A história incontestada que os militares estão divulgando e que a mídia está relatando acriticamente ao público - ou seja, que uma facção “desonestos” que “mima os terroristas” começou tudo e que os militares são necessariamente os “mocinhos” que não podem fazer nada de errado e que não tiveram outra escolha — é precisamente o que é necessário para atrair o apoio público para soluções militares agressivas para os problemas complexos no sul. As outras possibilidades - que comandantes militares agressivos, apoiados por outros interesses com incentivos materiais para acabar com o acordo de paz, tenham assumido o controle do governo de Arroyo, que Moros estejam sendo encurralados por causa das atrocidades cometidas contra eles - nunca serão exploradas. porque eles não chegarão ao noticiário.
Não são os repórteres que estão lançando bombas em Sulu.

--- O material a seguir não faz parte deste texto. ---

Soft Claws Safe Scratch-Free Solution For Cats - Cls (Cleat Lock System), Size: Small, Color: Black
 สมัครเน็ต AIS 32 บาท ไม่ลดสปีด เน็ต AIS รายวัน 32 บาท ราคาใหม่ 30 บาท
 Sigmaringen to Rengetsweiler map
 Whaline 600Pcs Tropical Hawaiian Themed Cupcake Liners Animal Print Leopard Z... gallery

Mas ao cobrirem a guerra de forma acrítica a partir da perspectiva dos militares, podem estar a aplaudir aqueles que o fazem.
[1] Manny Mogato, “Combatendo a propagação no sul das Filipinas”, Reuters, 17 de abril de 2007.
[2] Michael Lim Ubac, Christine O. Avendano e Julie S. Alipala, “GMA diz à AFP: Persiga o rebelde MNLF,” Inquiridor Diário das Filipinas, April 18, 2007.
[3] Juliet Labog-Javellana, “Decapitações Outrage GMA, estudiosos islâmicos,” Inquiridor Diário das Filipinas, April 21, 2007.
[4] “Palácio defende ofensiva Sulu contra rebeldes Moro”, abs-cbn.com, 17 de abril de 2007; “Decapitações estimulam a AFP a caçar Abu Sayyaf”, Os tempos de Manila, 21 de abril de 2007; “A luta de Sulu desenraíza mais de 40,000: PMA”, abs-cbn.com, 19 de abril de 2007.
[5] “A luta de Sulu desenraíza mais de 40,000: PMA”, abs-cbn.com, 19 de abril de 2007.
[6] Dona Pazzibugan, “MILF, não gangue do Pentágono, alvo real, diz militar,” Inquiridor Diário das Filipinas, 17 de fevereiro de 2003.
[7] “Eu não expulsei Nur, fiz parte do processo”, Newsbreak, 5 de dezembro de 2001.
[8] Roel Pareno, “2,000 pessoas Sulu fogem da luta,” Estrela filipino, Novembro 15, 2005.
[9] Ver, por exemplo, Dona Z. Pazzibugan, Julie S. Alipala, Edwin O. Fernandez, Nash Maulana, “New fights irrompe em Jolo”, Inquirer News Service, 17 de novembro de 2005, www.inq7.net, Sam Mediavilla, Al Jacinto e Anthony Vargas, “Jolo ofensiva para se arrastar até o Natal”, abscbn.com, 18 de novembro de 2005.
[10] Julie S. Alipala e Cynthia D. Balana, “Sonhos de 2 adolescentes Zambo terminam em Jolo,” Inquiridor Diário das Filipinas, April 21, 2007.
[11] Julie S. Alipala, “9 soldados, civis mortos em tiroteio na base do Exército,” Inquiridor Diário das Filipinas, 8 de abril de 2007; Julie S. Alipala, “Militares investigam o encontro errado de Sulu,” Inquiridor Diário das Filipinas, 5 de março de 2007; André Marshall, “A interminável guerra de guerrilha das Filipinas" Time Magazine, Jan. 25, 2007.
[12] Larry Niksch, “Abu Sayyaf: Target of Philippine-US Anti-Terroism Cooperation”, Relatório CRS para o Congresso, 25 de janeiro de 2002.
Herbert Docena é pesquisador do Focus on the Global South, um instituto internacional de pesquisa e defesa de políticas, que tem acompanhado a guerra em Mindanao.